Those who directly experience nibbana have lokuttara cittas. There are eight lokuttara cittas, four of which are magga-cittas ('path-consciousness', 'magga' means path) and four of which are lokuttara vipakacittas, called phala-cittas (‘fruit-consciousness', 'phala' means fruit. There are four pairs of lokuttara cittas since there are four stages of enlightenment). Vipakacittas of other of consciousness cannot perform the function of javana, the function of javana. Thus, all eight lokuttara cittas perform the function of javana. Summarising the fifty-five cittas which can perform the function of javana.
8 lobha-mula-cittas (cittas rooted in attachment)

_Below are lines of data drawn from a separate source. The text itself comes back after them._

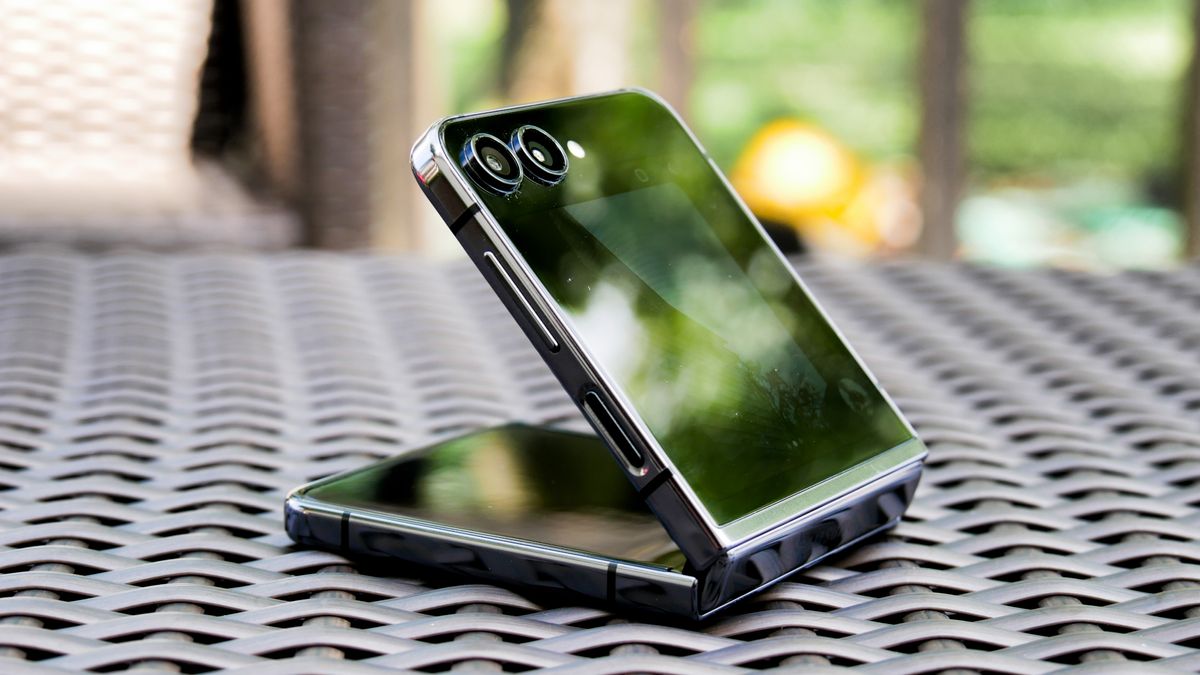 פטנט חדש מרמז שסמסונג עובדת על קונסולת משחקים כף יד מתקפלת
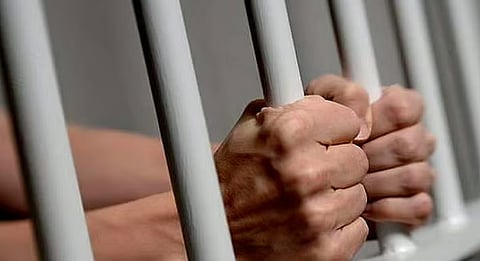 تشديد العقوبات: 5 سنوات سجناً وغرامة 50 ألف درهم لمخالفي قانون المخدرات في الإمارات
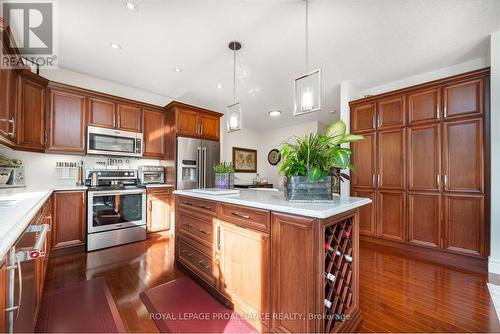 12 Dorchester Drive, Prince Edward County (Wellington), ON - Indoor Photo Showing Kitchen With Stainless Steel Kitchen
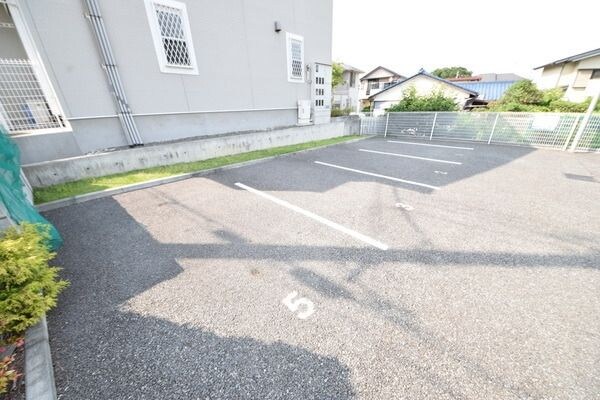 駐車場(敷地内駐車場)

2 dosa-mula-cittas (cittas rooted in aversion)
2 moha-mula-citta (citta rooted in ignorance)
12 akusala cittas
8 maha-kusala cittas (kamavacara kusala cittas)
1 hasituppada-citta (ahetuka kiriyacitta which may arise
when the arahat smiles)
5 rupavacara kusala cittas (rupa-jhanacittas)
5 rupavacara kiriyacittas (rupa-jhanacittas of the arahat)
4 arupavacara kusala cittas (arupa-jhanacittas)
4 arupavacara kiriyacittas (arupa-jhanacittas of the arahat)
4 magga-cittas (lokuttara kusala cittas)
4 phala-cittas (lokuttara vipakacittas)
8 lokuttara cittas
It is useful to know that when akusala cittas arise on account of an object, there arise not just one, but seven akusala cittas in one process and this process of cittas can be followed by other processes with akusala javana-cittas. Each time we dislike something there are processes of cittas which experience the object, and in each of these processes there are seven akusala javana-cittas. Many akusala cittas may arise on account of something we dislike or are attached to.
There is no self who can prevent akusala cittas from arising ; when they arise in the sense-door process the votthapana-citta has determined the object already, and when they arise in the mind-door process the mano-dvaravajjana-citta has adverted to the object already. When the first javana-citta has arisen it has to be succeeded by the following javana-cittas. The first javana-citta conditions the second one and this again the following one ; the third, the fourth, the fifth, the sixth javana-cittas are the same.
Processes with kusala javana-cittas and processes with akusala javana-cittas can arise shortly one after the other. For instance, people have the intention to offer food to the monks. However, when one has bought the ingredients for the food one is going to offer, one may find the cost rather high. At that moment there may be cittas with stinginess and then the javana-cittas are akusala cittas. Thus we see that accumulated defilement can appear at any time when there are conditions, even if one has the intention to do a good deed.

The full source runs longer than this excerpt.